Selon le gouvernement, la stratégie met de l'avant 59 actions «nouvelles ou bonifiées». Elle est le résultat de consultations menées depuis septembre 2015.

Des réactions

La coporte-parole de Québec solidaire, Manon Massé, a assisté à l'annonce jeudi.

«Enfin, on l'a!», s'est-elle exclamée au sujet de la très attendue stratégie.

«Mais je m'attendais à quelque chose de beaucoup plus audacieux», fait-elle remarquer, soulignant qu'il n'y a pas d'approche globale. «Du saucissonnage», a déploré la députée.

Si le gouvernement juge bon de répéter à toutes les sauces que l'égalité est importante, il faut aussi qu'il fournisse des moyens pour y arriver, souligne Mme Massé, qui rappelle que les mesures d'austérité budgétaire des libéraux ont plus particulièrement affecté les femmes.

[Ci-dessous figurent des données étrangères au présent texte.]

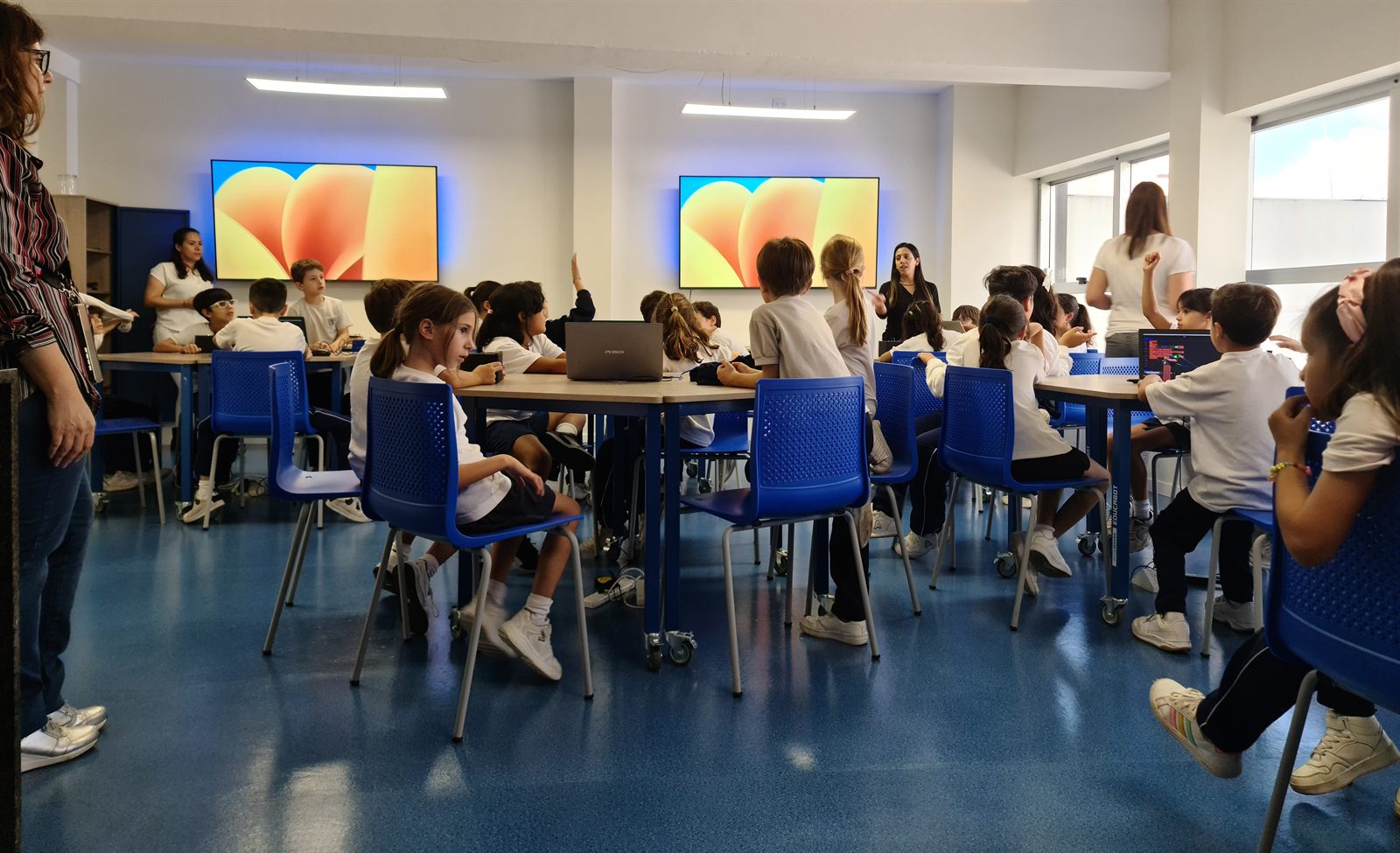 Aula Maker en funcionamiento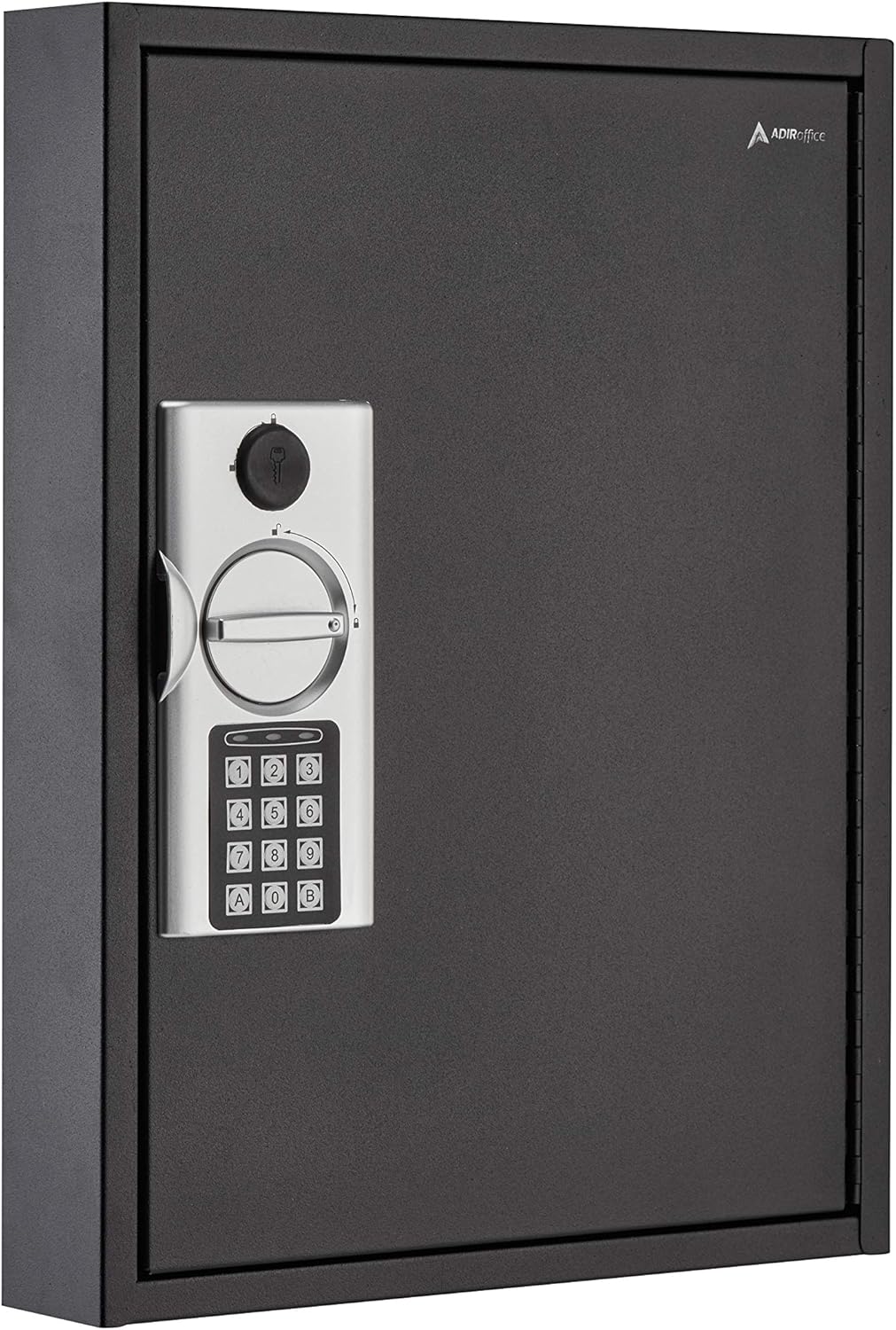 Adiroffice Key Holder Wall Mount - 60 Keys Lock Box with Code, Key Cabinet Wall Mount, Valet Parking Key Box, Car Dealer Key Cabinet - Space Saving Locking Key Box Wall Mount with Digital Lock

Pour le Conseil du statut de la femme, le fait que le gouvernement se dote ainsi d'un plan de travail est une bonne nouvelle car il s'agit, selon lui, d'un engagement concret pour atteindre l'égalité.

La Centrale des syndicats du Québec (CSQ) accueille de son côté favorablement la stratégie et relève notamment la volonté du gouvernement d'outiller les parents et le personnel de l'éducation afin de combattre les stéréotypes et le sexisme.

La CSN se dit elle aussi satisfaite du contenu du plan québécois, mais avertit aussitôt qu'«on jugera l'arbre à ses fruits», a souligné la vice-présidente de la CSN, Véronique De Sève, dans un communiqué.

Car la centrale syndicale se garde bien de crier victoire. Elle ne perd pas de vue «qu'il y a à peine trois ans, ce même gouvernement faisait subir aux femmes du Québec les pires reculs avec ses politiques d'austérité», est-il écrit.

Quant à la FTQ, elle trouve que la stratégie gouvernementale «est à saveur électorale» et demeure sceptique sur les moyens de sa mise en oeuvre pour arriver à une véritable égalité. Beaucoup de mesures ne sont pas nouvelles, pas plus que l'argent qui y est consacré, souligne le syndicat.